Think about- how normal it is for you to have a bad work day? Do you find it difficult to gather the motivation to show up at work?

Will the average work day be described as below average for most people? Chances are that answering these questions will help you differentiate between a bad work day or a bad work environment.  


Signs that leaders should look out for 

There are several indicators to alert a leader that the workplace is becoming toxic and taking a toll on the wellbeing of their employees 


Stress levels 

It is common for employees to be stressed and distracted. Being overworked, bombarded with deadlines and long meetings is too normalised. On most days employees have to work overtime. The constant pressure can even lead to irritation, anger, or depression, making the work environment pretty tense on most days. 


Turnover/ absenteeism 

Increased absenteeism is an early warning sign for turnover. High absenteeism and turnover point to low employee satisfaction which could be a major sign of an unhealthy workplace environment. 


Lack of team spirit 

High competition, lack of sharing information, lack of socialisation and communication are highly common in a toxic workplace. These kind of social dynamics reinforce the work environment and may prevent it from improving. 



Office gossip may point towards bullying, boredom, low motivation, discrimination and lots of other things that may be a nuisance in the workplace. 


Lack of trust in management 

This directly points at the relationship between leaders and subordinates. Trust building is important in order for the employees to be aligned with the goals of the organisation. However, subordinates being unable to trust the information or goals set by the management may require a serious intervention in the way things are running. 

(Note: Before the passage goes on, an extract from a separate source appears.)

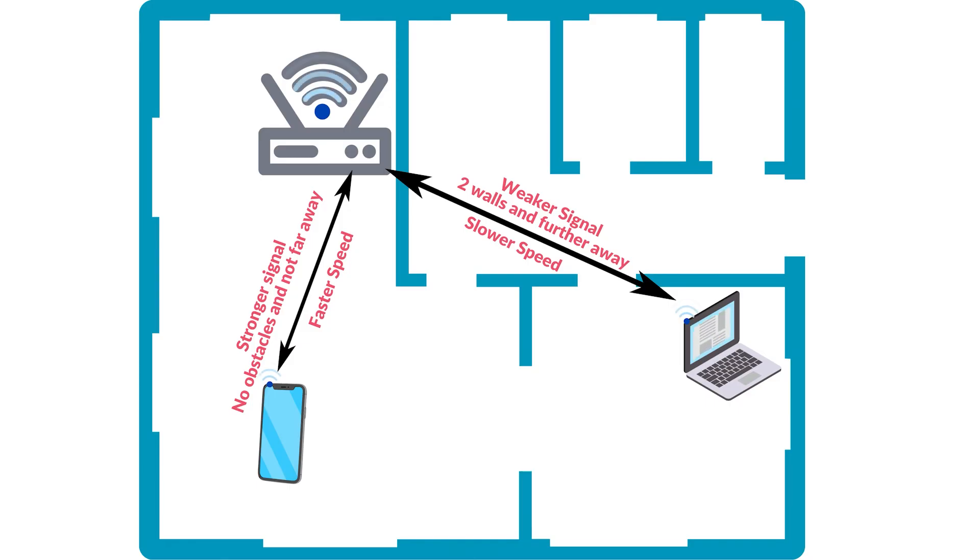Your Wi-Fi signal and speed depends on how close you are to the Wi-Fi router and what may or may not be interfering with that signal, such as walls or windows or anything else really.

Tips for good leadership in a toxic workplace 

After spotting the signs of a toxic workplace, steps need to be taken by managers and leaders to improve the working conditions in order to both- ensure employee well-being and organisational growth. 


1. Acknowledging the problem

Leaders need to be attentive, take a note of the issues in the workplace and lead an open conversation about it. It is helpful to be specific about the problem and have a discussion involving everyone on how to fix it. 


2. Open communication 

Going through long chains of commands, not being specific, not interacting with your subordinates directly, and other such gaps in communication can lead to increased stress, low trust and lack of belongingness. It is necessary to be able to discuss difficult issues that might be disrupting the workplace and making it an unpleasant environment. 

3. Feedback 

Giving valuable feedback is a great way to build a healthy relationship with one’s subordinate and help them grow. Having this kind of a personal relationship doesn’t only act as a motivating factor but also helps employees align themselves with the long-term goals and feel appreciated. 


4. Embrace diversity 

A workplace that is not open to embracing diversity is prone to bullying, office gossip, discrimination and exclusion. It is necessary to ensure that the office is a safe space for everyone present there. 


5. Open to suggestions 

75% of the employees believe that their immediate supervisors are a source of stress, while managers who receive upward feedback are 8.9% more profitable. Upward feedback is an important tool that can help managers improve their leadership style according to the employee needs and build trust in the workplace. 


In conclusion, creating a healthy workplace can require directed and conscious effort. However, it is important to remember that any change can be facilitated by acknowledging the current issues. The mental health of employees is a factor that does impact turnover, absenteeism, office environment, etc and has very real social and monetary impacts. Thus, workplace mental health and leadership skills need to go hand-in-hand.